I dati di uno studio condotto dall’Imperial College di Londra dimostrano che la formazione a distanza è più efficace e veloce di quella tradizionale
E’ un dato allarmante – e in crescita – quello registrato dall’OMS in un recente rapporto sul deficit di personale sanitario nel mondo: più di 7,2 milioni di unità mancherebbero all’appello. Una cifra – se non si corre ai ripari – destinata ad aumentare.

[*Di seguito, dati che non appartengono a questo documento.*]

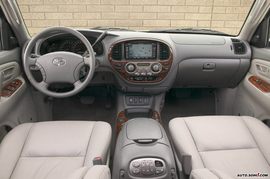 2005款丰田Sequoia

Alle possibili soluzioni hanno pensato i ricercatori dell’Imperial College di Londra, ed ecco le conclusioni cui sono giunti: secondo gli esperti inglesi, la chiave giusta per formare in tempi record nuovo personale sanitario la forniscono le nuove tecnologie attraverso l’e-learning, vale a dire l’apprendimento a distanza, realizzato con l’ausilio di mezzi e strumenti elettronici. E’ il sistema della FAD, adottato con successo anche nel nostro Paese per garantire, in modo pratico e innovativo, l’adempimento dell’Educazione Continua in Medicina. Ma non è tutto.
Il documento stilato dall’Imperial College, infatti, illumina non solo sulla possibilità, per medici e infermieri, di ricevere un’adeguata formazione anche a centinaia di chilometri di distanza dalle aule universitarie, ma sul fatto che questo metodo di apprendimento risulti addirittura più efficace di quello tradizionale. Una conclusione a cui i ricercatori britannici sono giunti analizzando la letteratura scientifica sul tema ‘efficacia dell’e-learning nell’istruzione di base del personale sanitario’, considerando sia gli studi che valutavano l’apprendimento a distanza online, cioè quello richiedente una connessione internet, sia quello offline, con materiali caricati su CD o penne USB.
Il suggerimento degli autori, a fini formativi, è di integrare i due sistemi – tradizionale ed elettronico – a seconda delle esigenze e con cognizione di causa. “I programmi di e-learning – commenta Josip Car, uno degli autori dello studio – hanno la potenzialità di risolvere il problema cronico della carenza di personale sanitario, facilitando l’accesso all’istruzione universitaria, soprattutto nei Paesi in via di sviluppo, dove il fabbisogno di professionisti della salute è maggiore. Per questo – conclude – sarebbe importante investire di più nelle tecnologie di informazione e comunicazione, anche nelle università”.